Kardeşlerim, nasıl ki günah bir insan yoluyla, ölüm de günah yoluyla dünyaya girdi. Böylece ölüm bütün insanlara yayıldı. Çünkü hepsi günah işledi. Kutsal Yasa'dan önce de dünyada günah vardı; ama yasa olmayınca günahın hesabı tutulmaz. Oysa Âdem'den Musa'ya kadar ölüm, gelecek Kişi'nin örneği olan Âdem'in suçuna benzer bir günah işlememiş olanlara da egemendi. Ama Tanrı'nın armağanı Âdem'in suçu gibi değildir. Çünkü birinin suçuyla birçokları öldüyse, Tanrı'nın lütfu ve bir tek adamın, yani İsa Mesih'in lütfuyla verilen bağış birçokları yararına daha da çoğaldı. Tanrı'nın bağışı, o tek adamın günahının sonucu gibi değildir. Tek bir suçtan sonra verilen yargı mahkûmiyet getirdi; ama birçok suçlardan sonra verilen armağan aklanmayı sağladı. Çünkü eğer ölüm bir tek adamın suçu yüzünden o tek adam aracılığıyla egemenlik sürdüyse, Tanrı'nın bol lütfunu ve aklanma bağışını alanların bir tek adam, yani İsa Mesih sayesinde yaşamda egemenliksürecekleri çok daha kesindir. İşte, tek bir suç bütün insanların mahkûmiyetine yol açtığı gibi, bir doğruluk eylemi de bütün insanlara yaşam veren aklanmayı sağladı.Bir adamın sözdinlemezliği yüzünden birçoğu günahkâr kılındığı gibi, yine bir adamın söz dinlemesiyle birçoğu doğru kılınacaktır.


İncil: Matta 4,1-11

Bundan sonra İsa, İblis'in denemelerinden geçmek üzere Ruh tarafından çöle götürüldü. İsa ona şu karşılığı verdi: «Kutsal Yazılarda, `İnsan yalnız ekmekle değil, Tanrı'nın ağzından çıkan her sözle yaşar' diye yazılmıştır.» Sonra İblis O'nu kutsal kente götürdü.
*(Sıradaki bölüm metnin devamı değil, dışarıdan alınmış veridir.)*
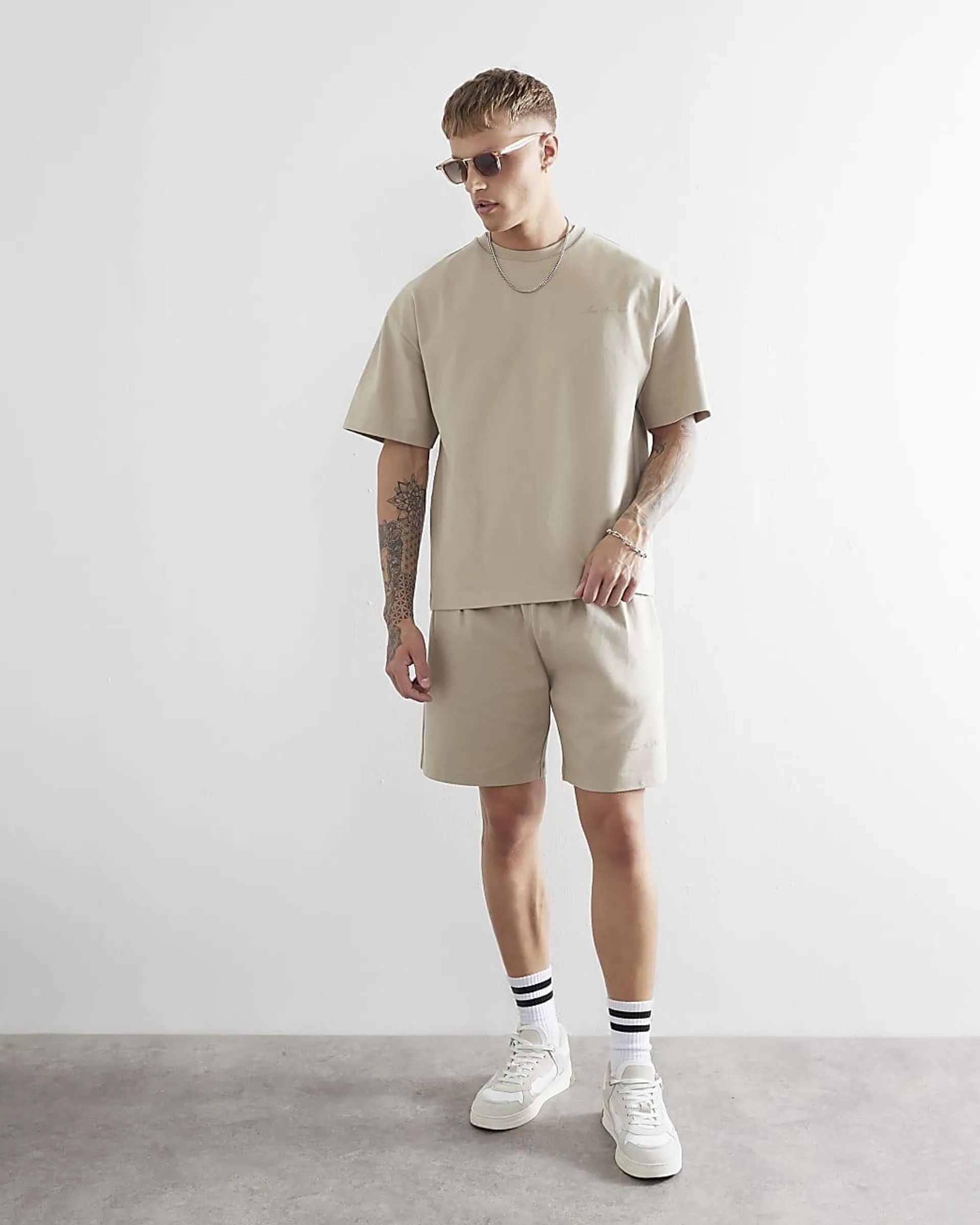 Stone Oversized Fit T-Shirt And Shorts Set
Tapınağın tepesine çıkarıp dedi ki, «Tanrı'nın Oğluysan, kendini buradan aşağı at. Çünkü şöyle yazılmıştır: `Tanrı, senin için meleklerine buyruk verecek.'

`Ayağın bir taşa çarpmasın diye seni elleri üzerinde taşıyacaklar.'» İsa İblis'e şu karşılığı verdi: «`Tanrın olan Rab'bi sınama' diye de yazılmıştır.» İblis aynı şekilde İsa'yı çok yüksek bir dağa çıkarıp O'na tüm görkemleriyle dünyanın bütün ülkelerini gösterdi. «Yere kapanıp bana taparsan, bütün bunları sana vereceğim» dedi. İsa ona şöyle karşılık verdi: «Çekil git, Şeytan! `Tanrın olan Rab'be tap, yalnız O'na kulluk et' diye yazılmıştır.» Bunun üzerine İblis İsa'yı bırakıp gitti. Melekler de gelip İsa'ya hizmet ettiler.